Prerequisites
- You have connected Segment to MadKudu.
- You are not a Business plan with Segment
- You have access to an AWS account to create / manage access to an S3 bucket
To export data from a non-Segment Redshift warehouse, please follow these instructions.
How to transfer the data
There are two options to give us access to your historical Segment data:
- Option 1: You are using the Segment S3 destination
- Option 2: You are using the Segment Redshift warehouse
(If you use another type of Segment Warehouse (Postgres, BigQuery), you can still integrate with us. Please follow the instructions to export data to S3)

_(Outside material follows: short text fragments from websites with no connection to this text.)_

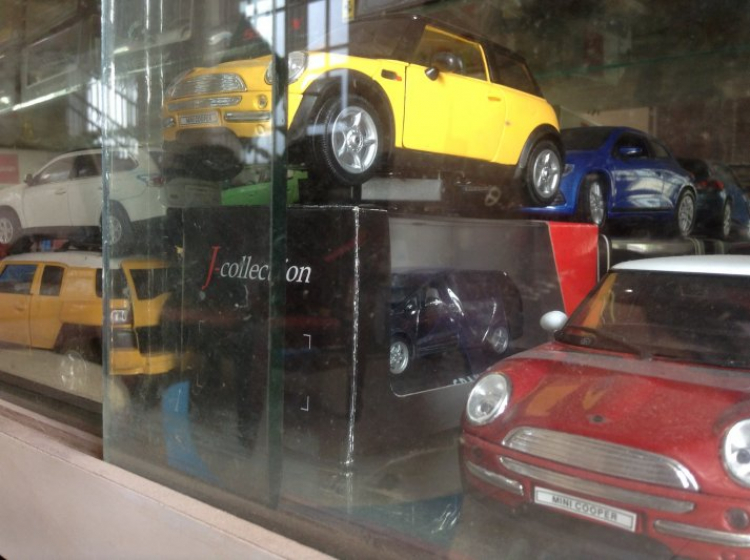 Đồ chơi xe Mitsubishi Đồ chơi xe Mitsubishi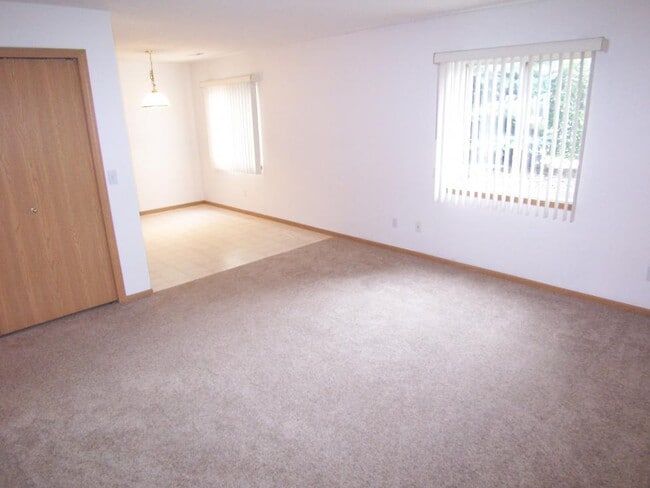 Photo - Woodside Apartments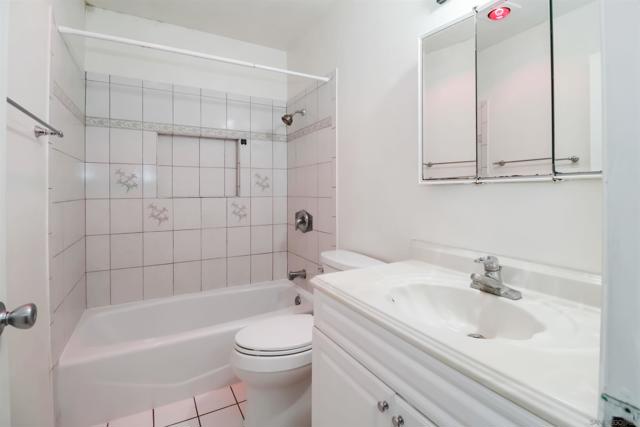 Image 23 of 30 For 5700 Baltimore Dr  187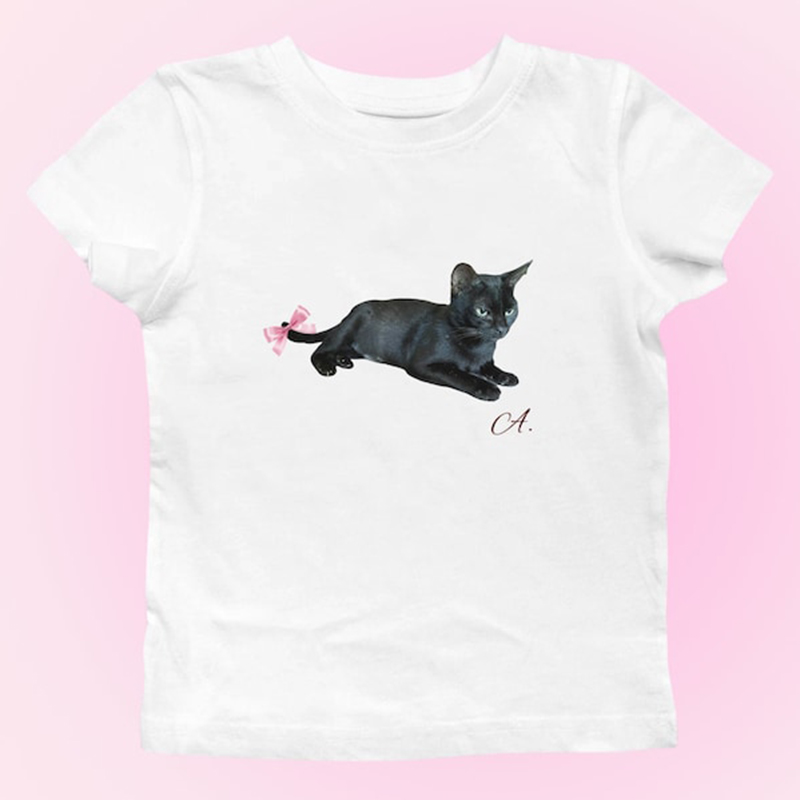 Cat With Bow Preppy Baby Tee C - Baby Y2K Clothing recension och pris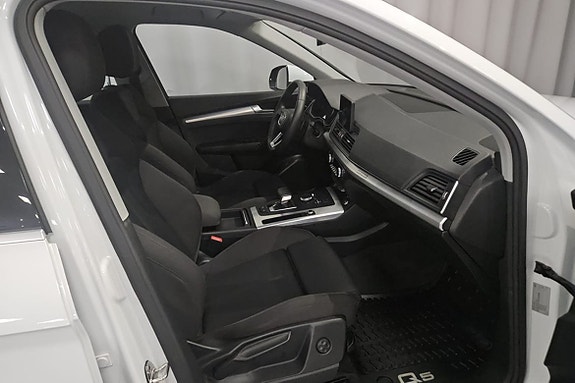 Audi Q5 6 of 12
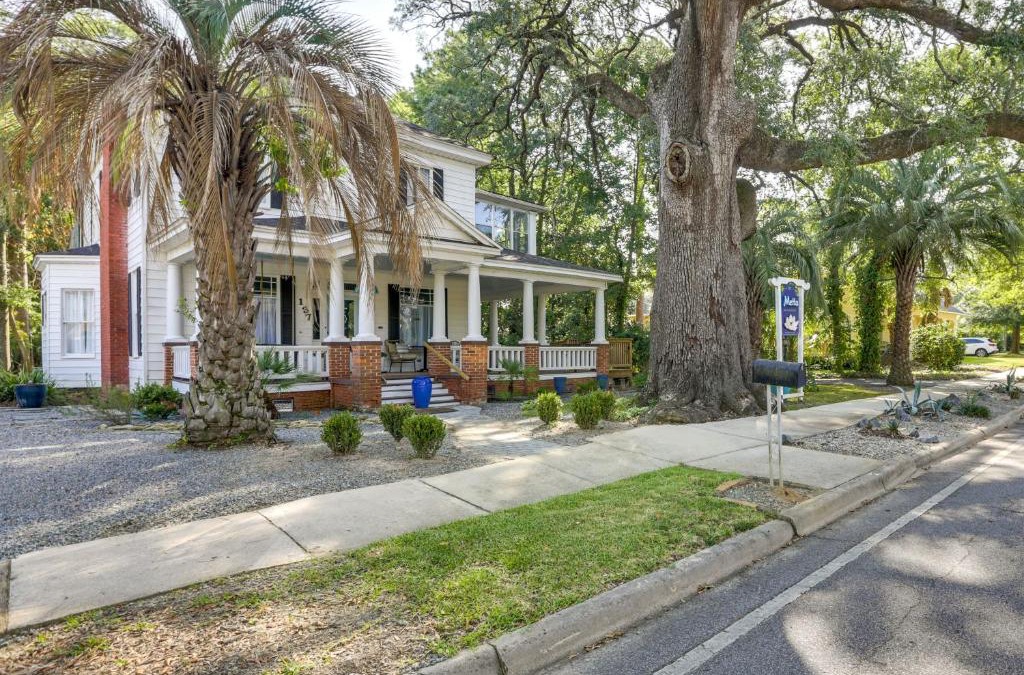 Thomasville House | Charming Thomasville Getaway Walk to Downtown!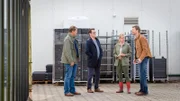 Finn (Sven Martinek, l.), und Lars (Ingo Naujoks, 2.v.l.) befragen Gesa Warnke (Merle Collet, 2.v.r.) und Torsten Segret (Heiko Ruprecht, r.)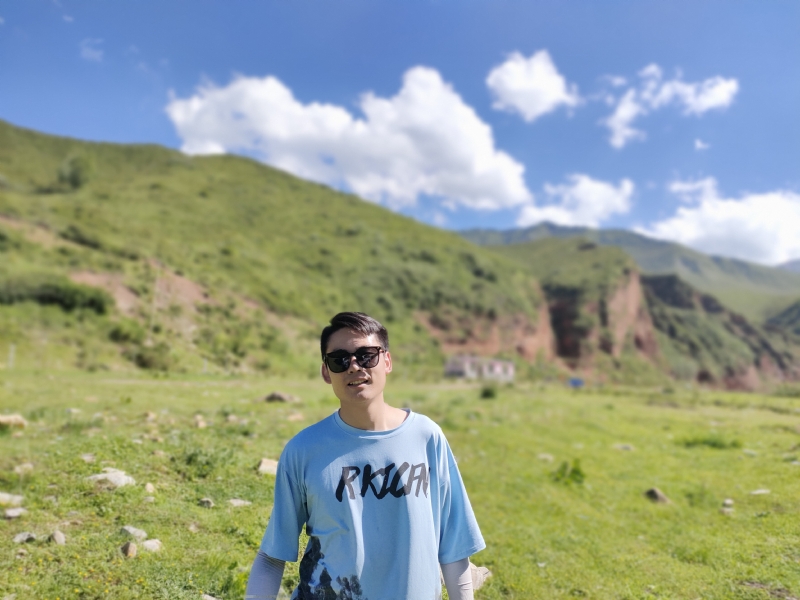 祁三岁的第一张照片--青海红颜知己交友网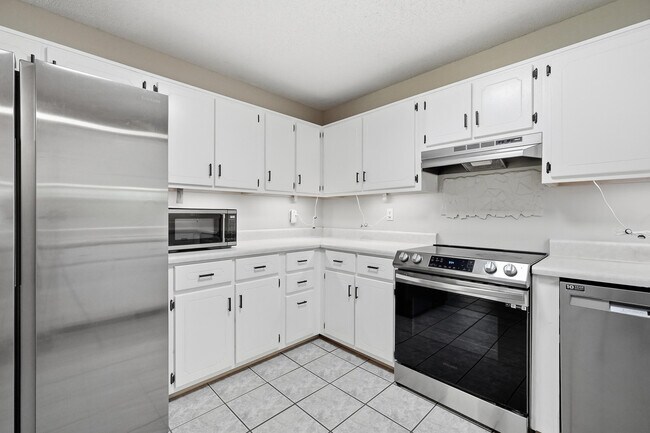 Building Photo - 91 Cedar Beach Cove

If you did not enable any of those destinations before integrating with MadKudu, we might not be able to get your historical data immediately. Make sure to connect Segment to MadKudu so we can start accumulating behavioral data.
Option 1: Segment S3 destination
If you've been sending Segment data to a S3 destination in your AWS account, the easiest solution is to grant us access to that bucket. Please follow the instructions on how to share access to a S3 bucket here.
Option 2: Segment Redshift warehouse
If you're using a Redshift warehouse but not an S3 destination, you will first need to "unload" the data from Redshift into an S3 bucket then grant MadKudu access to the bucket with these instructions.
The idea is to use a UNLOAD
statement in Redshift to transfer the data to S3, from where we can read the data it.
If you're using your bucket, use the following UNLOAD where the credentials are the ones you maintain internally.
UNLOAD ("SELECT ... FROM [your_table]")
TO 's3://your_bucket/your_folder/project/track.csv'
CREDENTIALS 'aws_access_key_id=[your_access_key];aws_secret_access_key=[your_secret_key]'
Object: Track
For unloading Track data, there are two options:
- If the event properties are not relevant to share with MadKudu, just UNLOAD the track table from Redshift to S3:
UNLOAD ("SELECT id, anonymous_id, user_id, event, event_text, sent_at FROM [source].tracks")
TO 's3://madkudu-data-in-[your_org_id]/[source]/track.csv'
CREDENTIALS 'aws_access_key_id=[your_access_key];aws_secret_access_key=[your_secret_key]'
HEADER
DELIMITER '~'
ADDQUOTES
ESCAPE
MANIFEST
GZIP
ALLOWOVERWRITE
PARALLEL ON
;
- If the event properties are relevant (path, url ...) , you'll need to do an UNLOAD per event table:
UNLOAD ("SELECT id, anonymous_id, user_id, event, event_text, sent_at, [properties] FROM [source].[event]")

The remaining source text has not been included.